Newsom lays out spending cuts as California budget swings from surplus to deficit
California faces belt-tightening, particularly in climate spending, amid a projected $22.5B deficit.
California Gov. Gavin Newsom is proposing to cut billions of dollars in climate spending and delay funding of major programs to balance a $22.5 billion budget deficit if tax revenues don't rebound.
The $297 billion budget blueprint Newsom unveiled on Tuesday was a stark departure from the fiscal boom times California enjoyed as recently as last year, when an unprecedented $100 billion surplus that Newsom himself called “absurd” underpinned a record $310 billion budget. California has $29.5 billion less revenue this year.
The Democratic governor has proposed delaying $7.4 billion in planned spending and cutting items like a $3 billion payment to offset inflation.
He also proposed deferring spending billions of dollars on areas like public universities, transit, behavioral health, building decarbonization and watersheds. The budget tentatively slices some $3.9 billion that could be spent, if enough money materializes, on areas like housing, workforce development, and climate change.
Among the areas that could see the heaviest cutbacks or delays are climate change and transportation, with Newsom paring back billions in planned multiyear spending.
But Newsom is not yet proposing to uncork a budget reserve account that contains some $22.4 billion, and he is not predicting a recession this year. The Democratic governor also maintained his previous commitments to spend on ambitious programs like universal transitional kindergarten and healthcare for undocumented immigrants.
Therevenue reversal reflects the volatility of a tax system that leans heavily on the ultrarich. Tax receipts dipped sharply in the latter months of 2022, when the stock market plunged and capital gains revenue dropped.
“It’s an EKG and that sums up California’s tax structure,” Newsom said. “It sums up the boom-bust.”
The brimming reserve fund has California on firmer financial footing than during an earlier run of budget deficits. Voters created the fund in 2014 by passing a ballot initiative backed by then-Gov. Jerry Brown. Voters have also enacted budget-stabilizing taxes on affluent Californians.

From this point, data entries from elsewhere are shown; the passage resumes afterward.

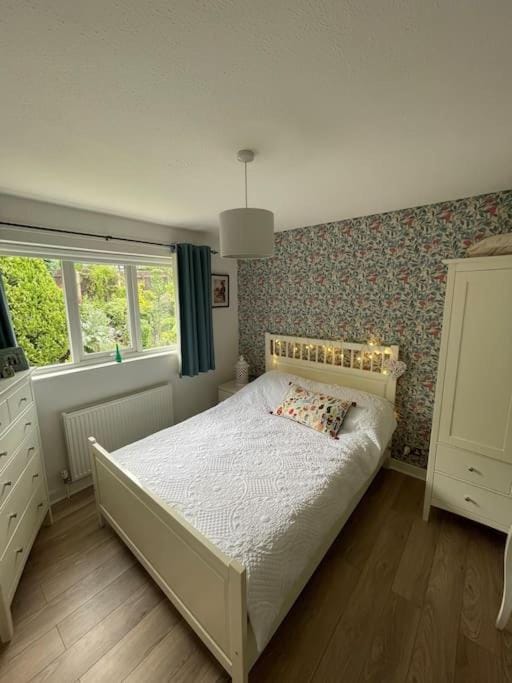 Home in Wirral - Peaceful Contemporary Gem. House in Wirral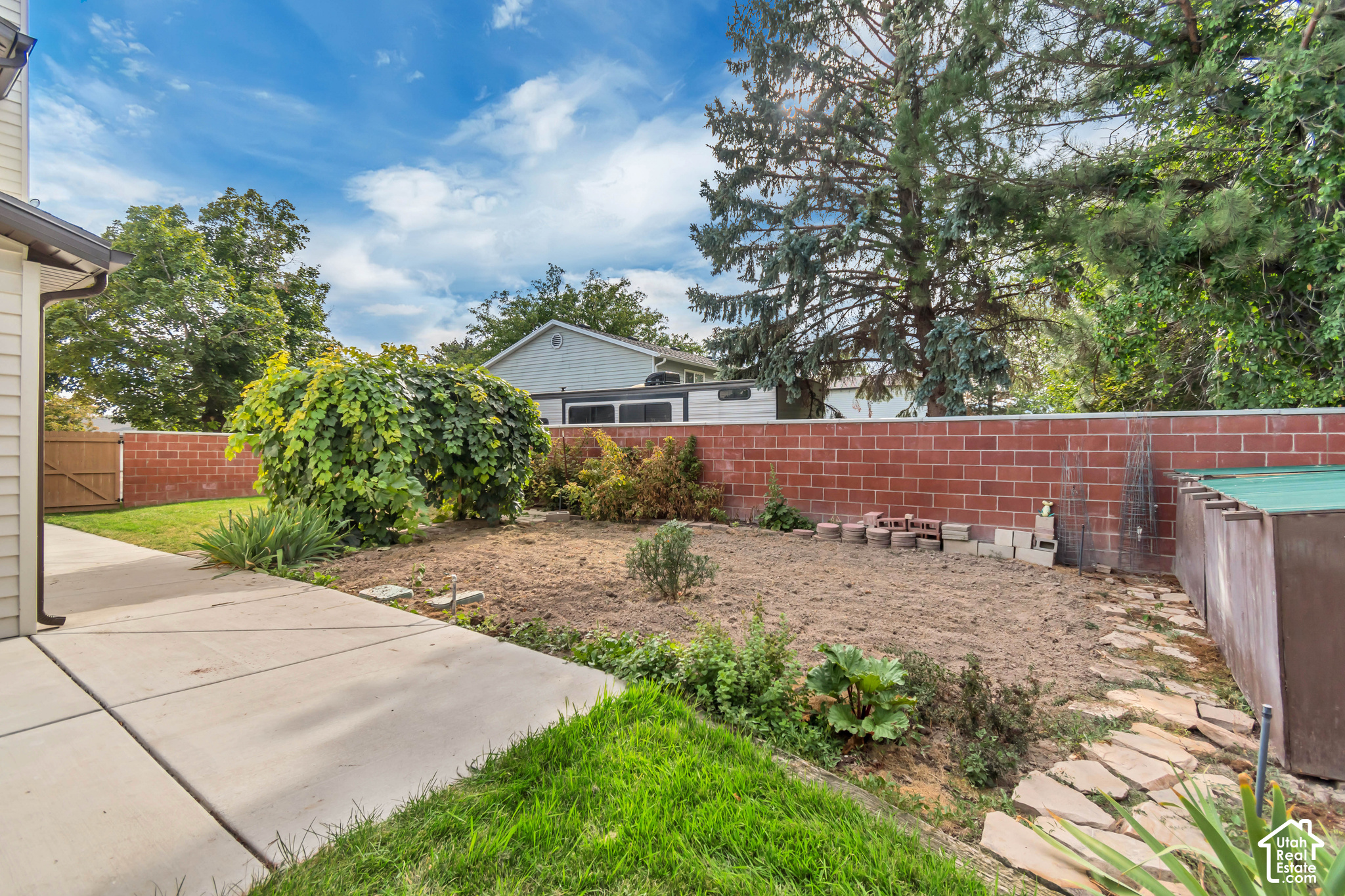 main property photo 31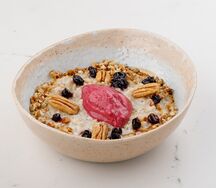 Овсяная каша на кокосовом молоке с ягодным соусом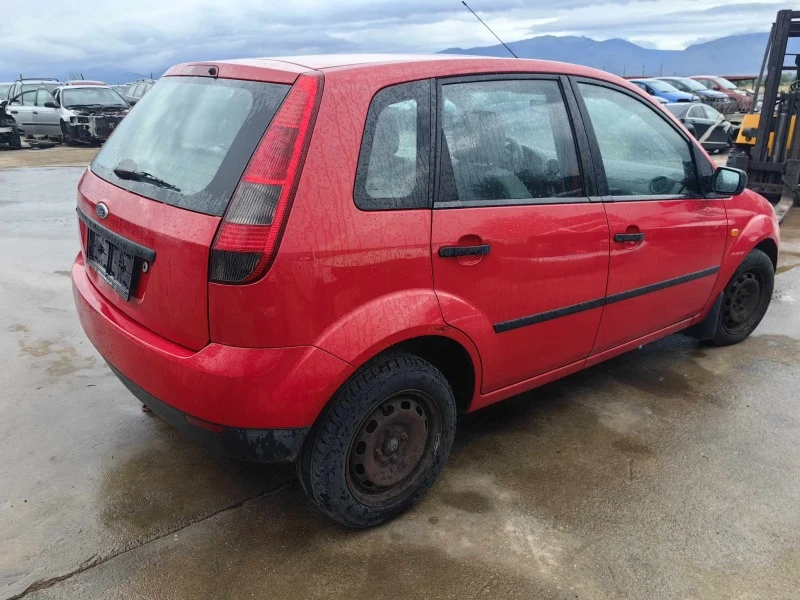 Ford Fiesta 1.3, снимка 5 - Автомобили и джипове - 46202275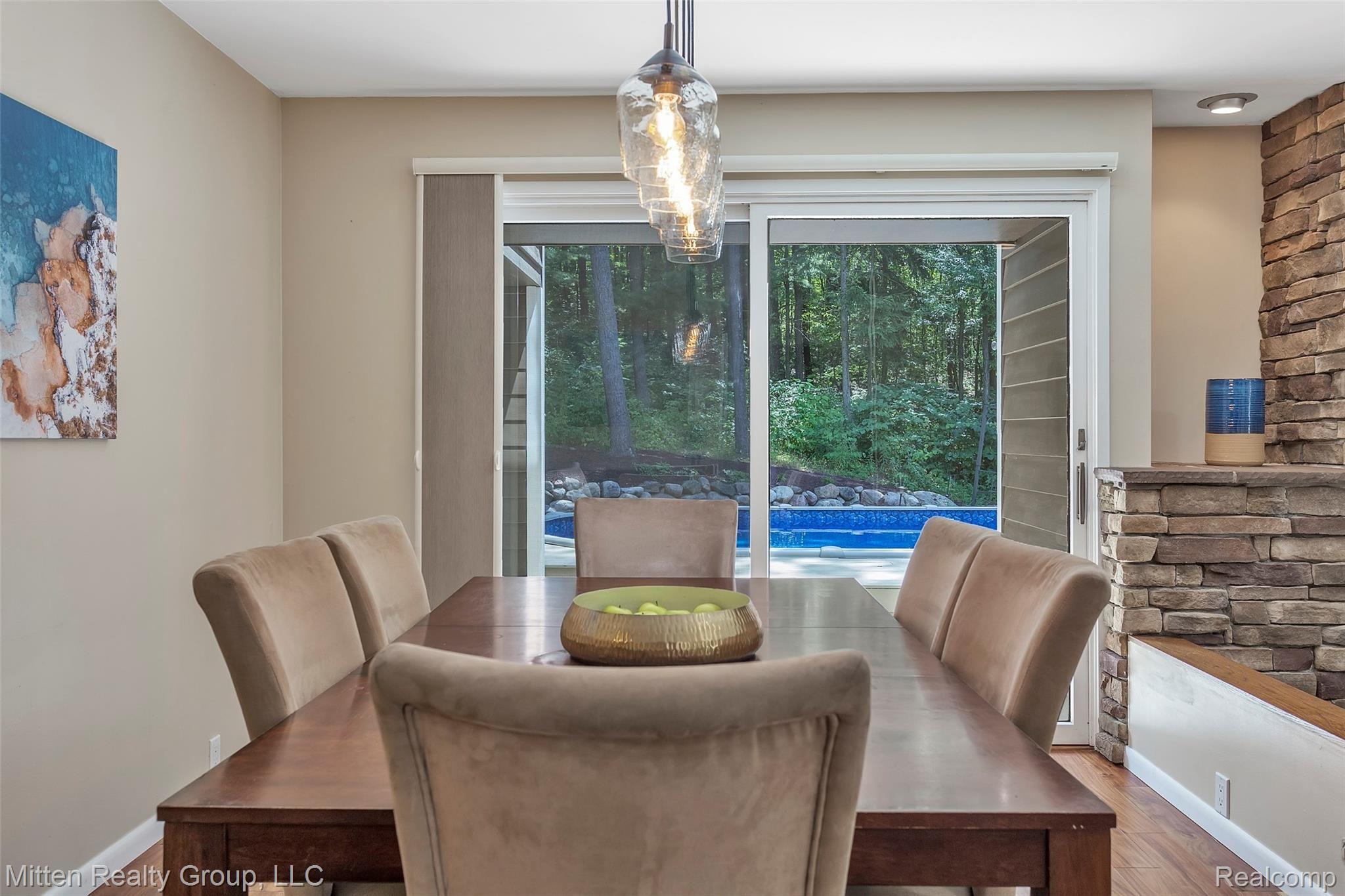 11290 Windy Ridge Drive Fenton, MI 48430 - Photo 11 of 57 11290-windy-ridge-trl-fenton-mi-48430-windowstill-11.jpg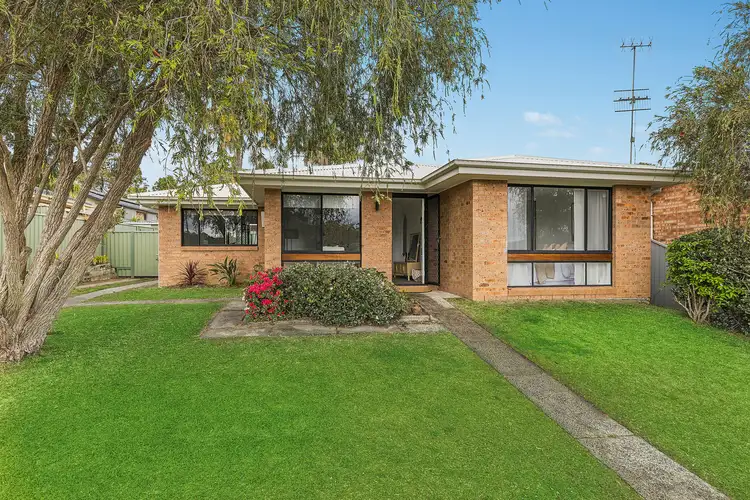 8 Jonquil Close, Bateau Bay NSW 2261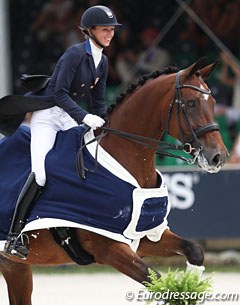 Laura Graves and Verdades win the 2017 CDIO Rotterdam Grand Prix :: Photo © Astrid Appels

“Because of leadership and because of support from the voters, we’ve been able to capture a lot of that volatility” and “soften the edges of that volatility,” Newsom said.
But this lean budget cycle will test state lawmakers who have little experience negotiating from a place of scarcity. California has enjoyed a run of budget surpluses, with the exception of a projected 2020 shortfall during the Covid-19 pandemic shutdown that never materialized.
Those flush years enabled Democrats to achieve some major policy goals. While Newsom has rejected major ongoing commitments in past years, he has nevertheless committed to expensive items like expanding Medi-Cal insurance to all undocumented immigrants in California.
That program is estimated to cost $2.7 billion a year when fully implemented. Newsom is proposing $844.5 million toward that goal in the coming budget cycle, arguing prudence on other proposed spending allows California to do so.
“We’re in a position where we are today because we were not profligate,” Newsom said.